It depends on the product you use. Some can, some cant. Ask your local supplier or whoever you will buy it from for input.

Clatter Mon Aug 04, 2014 6:05 pm

If it's any consolation,
Blasting off any rattle-can type product is going to go really quickly...

panicman Mon Aug 04, 2014 10:40 pm

I did the same thing. My painter wanted the spray bomb GONE.

It added about a month delay to my final primer and paint. I had used the Rustoleum primer over areas that had metal showing through, and I have to admit, I just liked seeing one uniform color on the car.

I wound up sanding the spray bomb off with mostly 400 grit, along with some red scotchbrite. I got it all off, but it was a pain. Lots of tight places that made me apoplectic. I'll never do that again.

Mike Fisher Tue Aug 05, 2014 8:37 am

I would rough it up by hand a little and spray on top of it.

67 Sunroof Tue Aug 05, 2014 10:02 am

I am in the same predicament.
I sanded down to metal (5 coats) on doors, and quarters-never did any fenders, hood, deck lid and sprayed a light coat of duplicolor etching primer (spray bomb) over the metal to protect from surfaces rusting.

I have not done the interior at all and just got a quote from someone to soda blast the entire car (fenders, hood, deck lid, and body inside and out on a rotisserie) for $1300-$1500.
I think I'm just gonna bite the bullet and have him do the damn car.
The time I'm gonna spend sanding in the heat isn't gonna be worth it IMO.

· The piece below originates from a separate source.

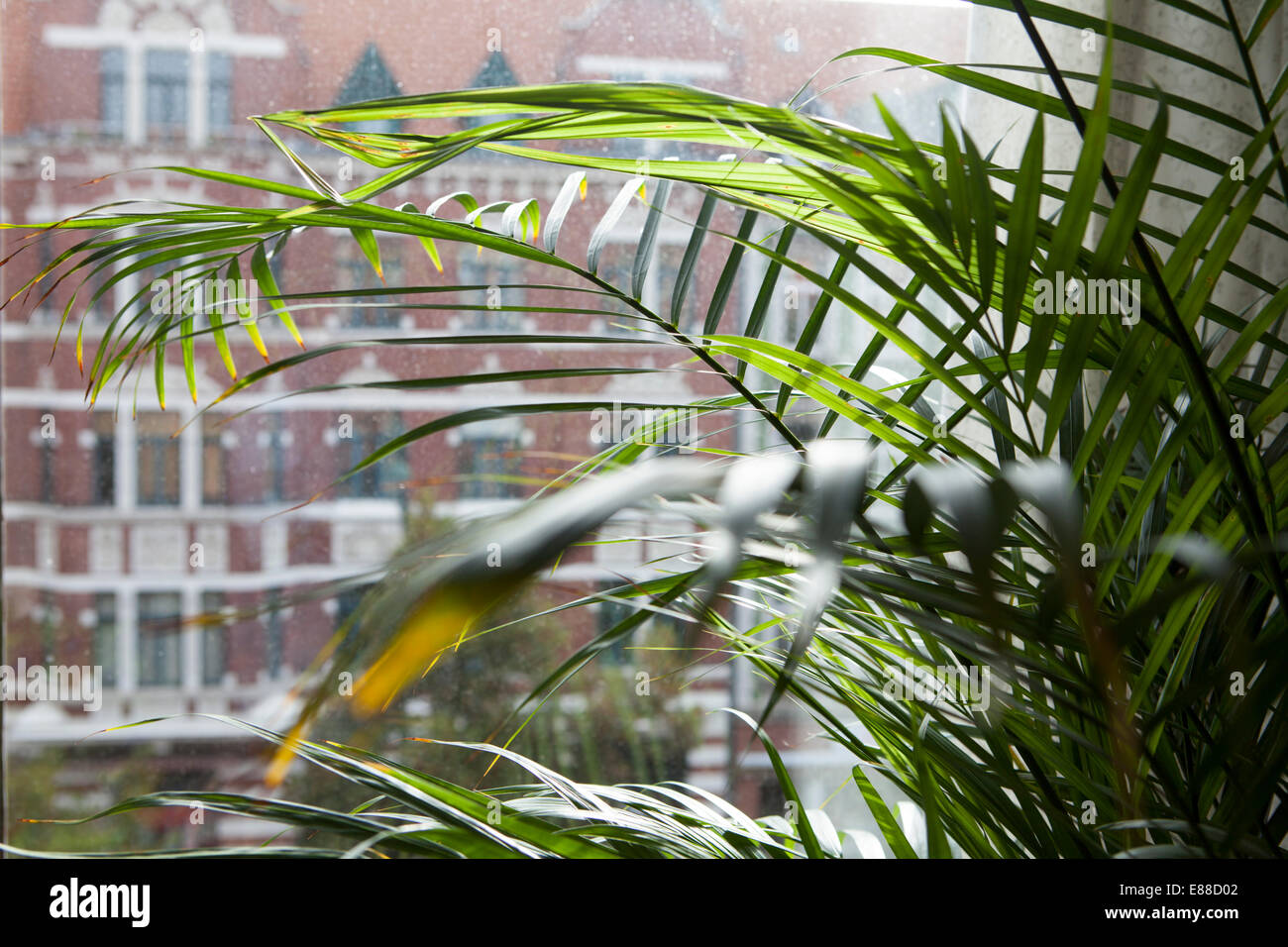 Vista attraverso una finestra sporca riquadro, Lindener marketplace, Hannover, Bassa Sassonia, Germania, Europa Foto Stock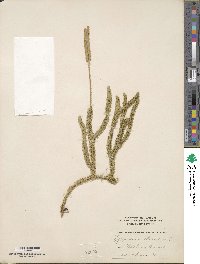 Lycopodium clavatum image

Thrasher22 Tue Aug 05, 2014 10:28 am

I also did the same thing and had to remove stupid rustoleum from just about everywhere on my bus after I finished welding. :evil:

Filler "might" be okay, but the problem is rustoleum is an oil based and things that aren't oil based don't like to stick to it. I had no issues touching up primer with non-oil based spray bombs, then spraying with "real" auto paint after.

So unless you're planning on sticking with oil based top coats or find a filler that is compatible, I'd removed it as thoroughly as possible. You should still sand the primer after it sitting that long for adhesion.